▸ GIVEN MATERIAL:

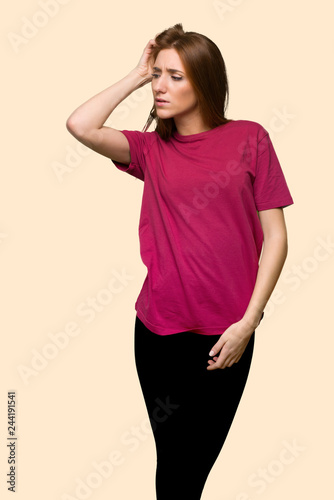 Young redhead girl having doubts while scratching head on isolated yellow background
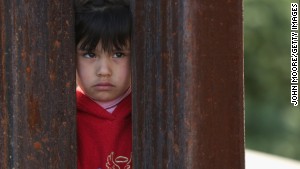 A child on the Mexican side of the U.S.-Mexico border fence looks into Arizona during a special \'Mass on the Border\' on April 1, 2014 in Nogales, Arizona.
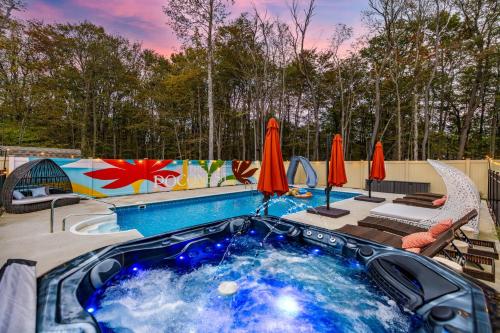 a hot tub in a backyard with umbrellas at The Poconest - Luxurious Mountain Mansion in Long Pond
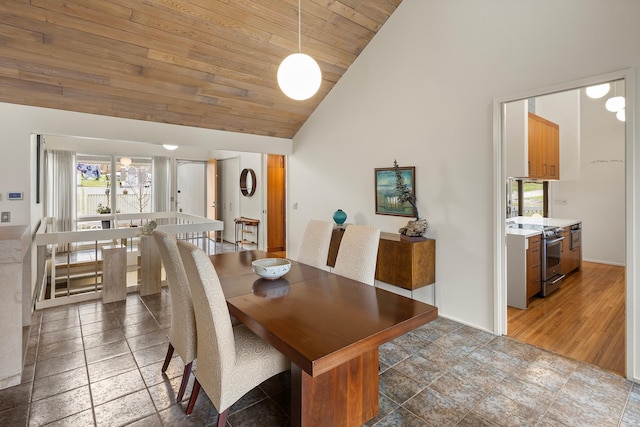dining area featuring wood ceiling, stone finish flooring, plenty of natural light, and high vaulted ceiling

▸ REQUIRED WORK:
Only the pictures are to be left out, and all of the data must otherwise be transcribed exactly.

▸ YOUR RESPONSE:
 Young redhead girl having doubts while scratching head on isolated yellow background
 A child on the Mexican side of the U.S.-Mexico border fence looks into Arizona during a special \'Mass on the Border\' on April 1, 2014 in Nogales, Arizona.
 a hot tub in a backyard with umbrellas at The Poconest - Luxurious Mountain Mansion in Long Pond
dining area featuring wood ceiling, stone finish flooring, plenty of natural light, and high vaulted ceiling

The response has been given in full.